In a piece titled "Mike Johnson, Lollygagger of the House," reporter Joe Perticone argued that the Louisiana Republican stands apart from his recent predecessors because he has made handing power to the White House his defining act.
"Each House speakership ends up having its own unique character—forged through a combination of successes and failures," Perticone wrote, before walking through the legacies of Nancy Pelosi, Paul Ryan, John Boehner, and Kevin McCarthy.
Pelosi, he noted, ruled her caucus with an iron fist and muscled through landmark bills like the Affordable Care Act. Ryan and Boehner moved substantial legislation and landed lucrative post-Congress gigs. McCarthy was tarred and feathered on the House floor, figuratively speaking, and has yet to find a soft landing.

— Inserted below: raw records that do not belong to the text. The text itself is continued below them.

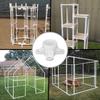 10pcs PVC Flanges Caps Corrosion Resistant Table End Caps Plant Stand Part 33.4mm Diameter for Indoor & Outdoor Use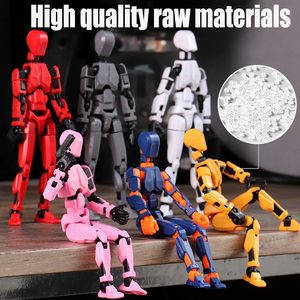 Jouet promotionnel, ensemble de figurines d'action 3D, assemblage complet, plastique, multi-articulées, mobiles, portables, robot imprimé en UV - Product Image 6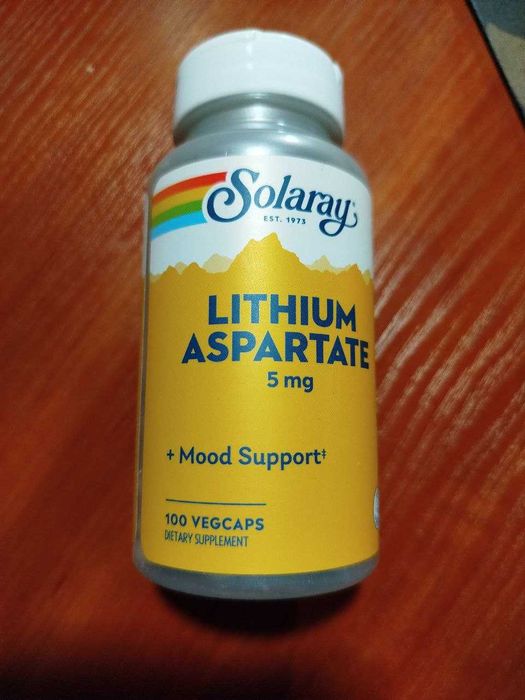 БАД Solaray lithium aspartate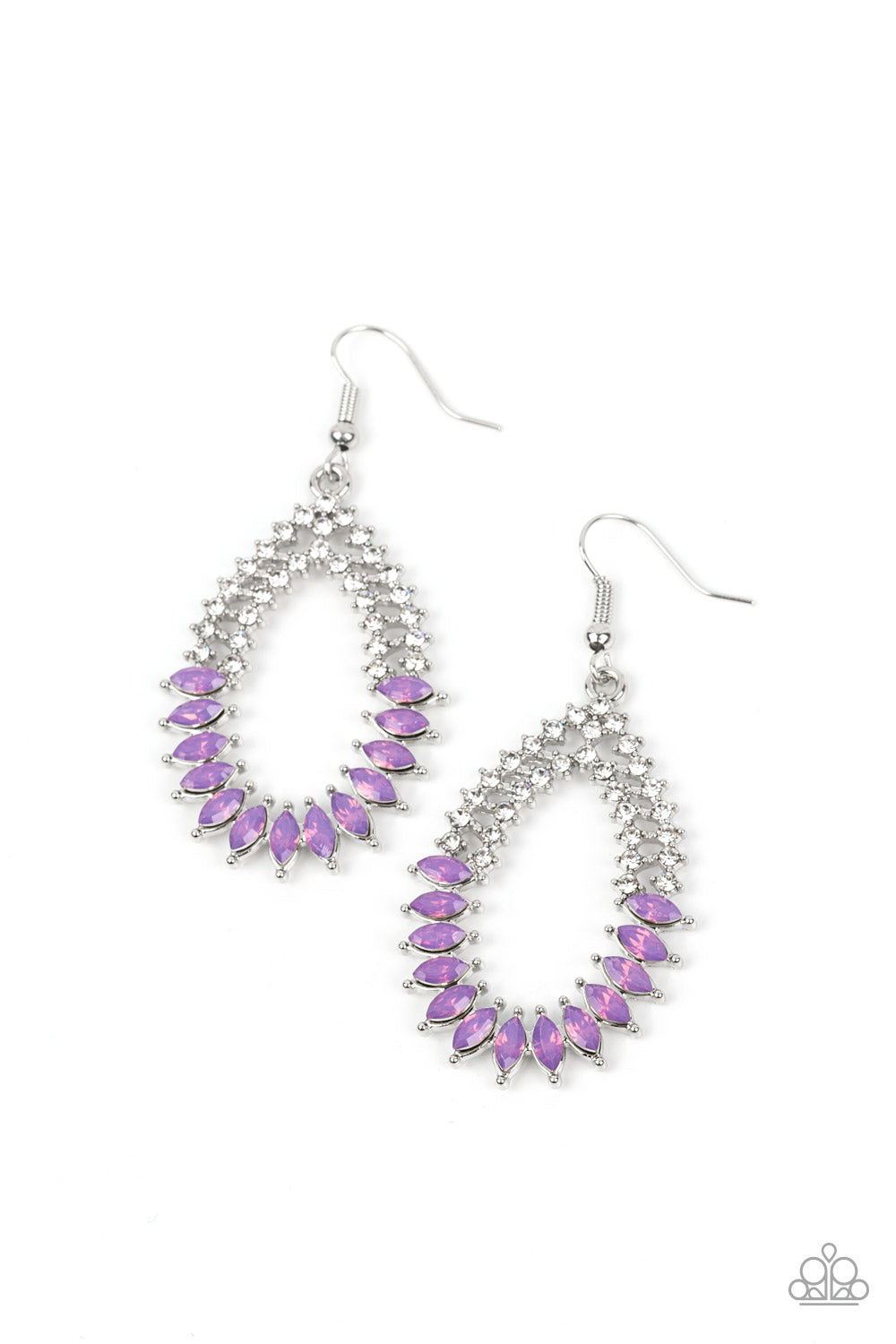 Lucid Luster - purple - Paparazzi earrings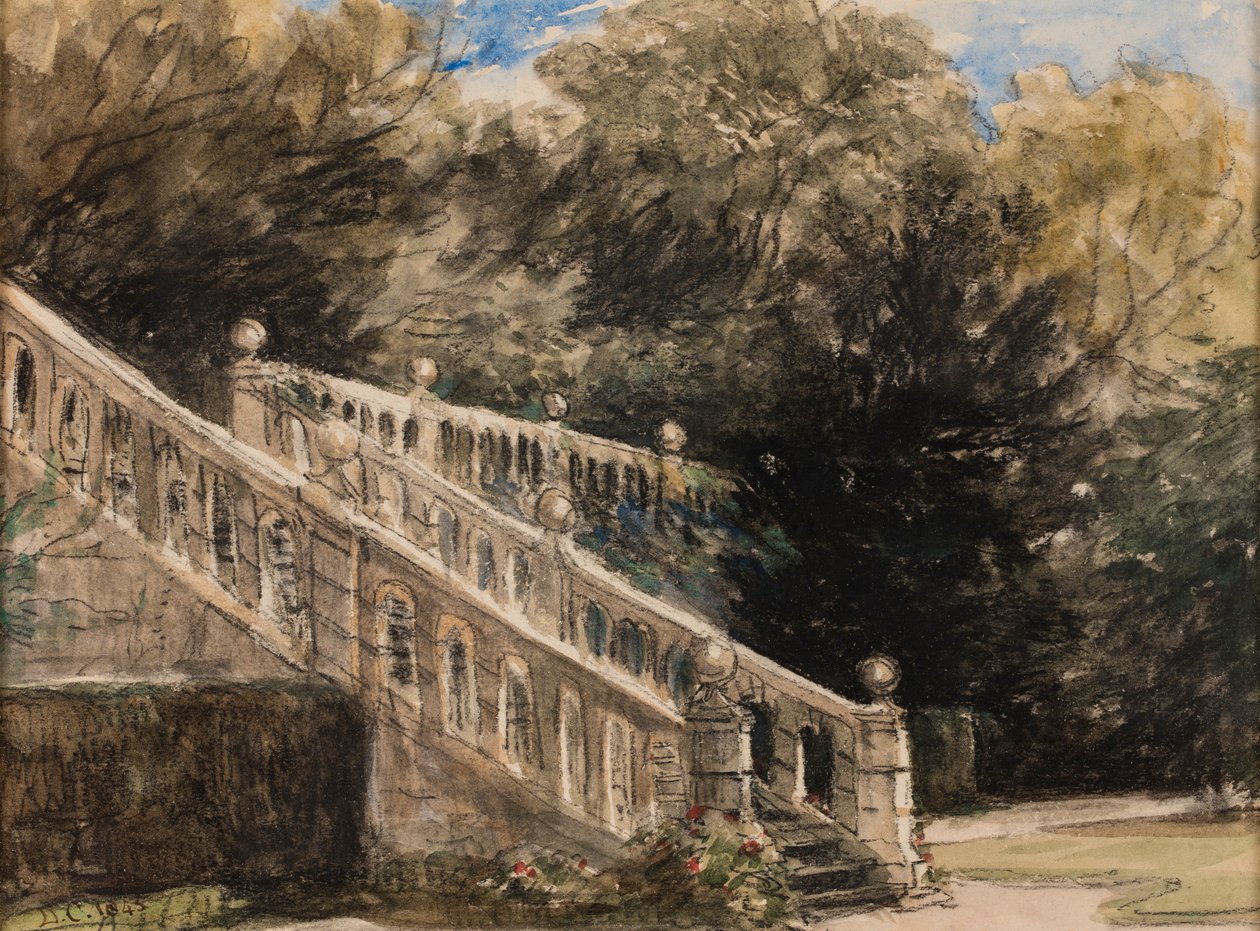 The Terrace, Haddon autorstwa David Cox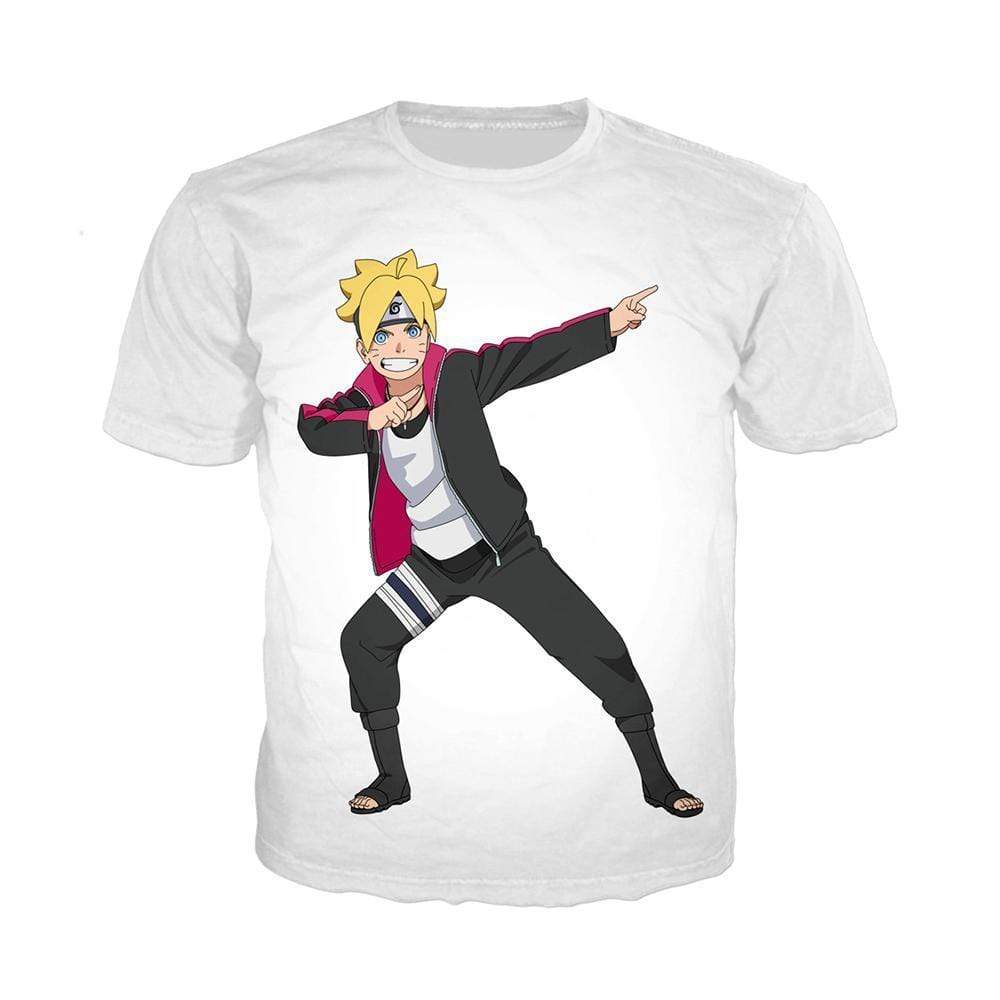 Anime Merchandise T-Shirt M Naruto Shirt  - Boruto Striking a Pose T-Shirt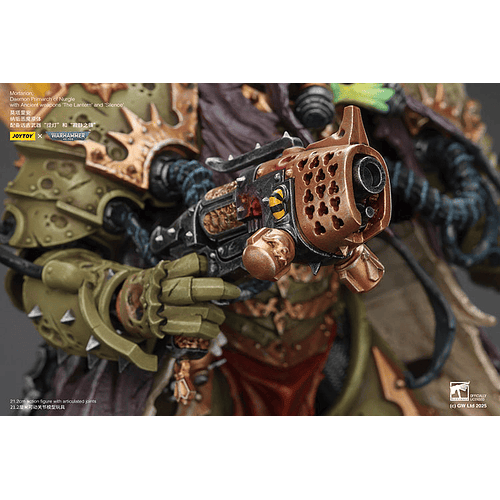 Demonio de Nurgle Primarca Mortarion Con las armas ancestrales 'La Linterna' y 'Silencio'. 15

Then Perticone torched Johnson.
"Mike Johnson's speakership is somewhat different from all these," he wrote. "His overriding project has been to cede whatever power and decision-making he can to the White House, and this has, in turn, given shape to an unusual legacy, one defined by impotence."
The takedown lands as Johnson's own members increasingly route around him. According to a recent analysis from Georgetown's Government Affairs Institute, House Republicans under Johnson have set the modern record for successful discharge petitions, the procedural workaround that lets a majority of members force a floor vote without the Speaker's blessing.
Perticone pointed to the same dynamic, writing that "In recent months there has been a strange spirit of bipartisanship among frustrated House members, who have relied on the previously rare tactic of discharge petitions to circumvent Johnson" — a streak that has left the Speaker visibly outmaneuvered and reduced to insisting he "has not lost control" of the chamber.
The Bulwark was founded in 2018 by Sarah Longwell, Bill Kristol, and Charlie Sykes as a Never Trump home for center-right writers cast out as the Republican Party reorganized around President Donald Trump.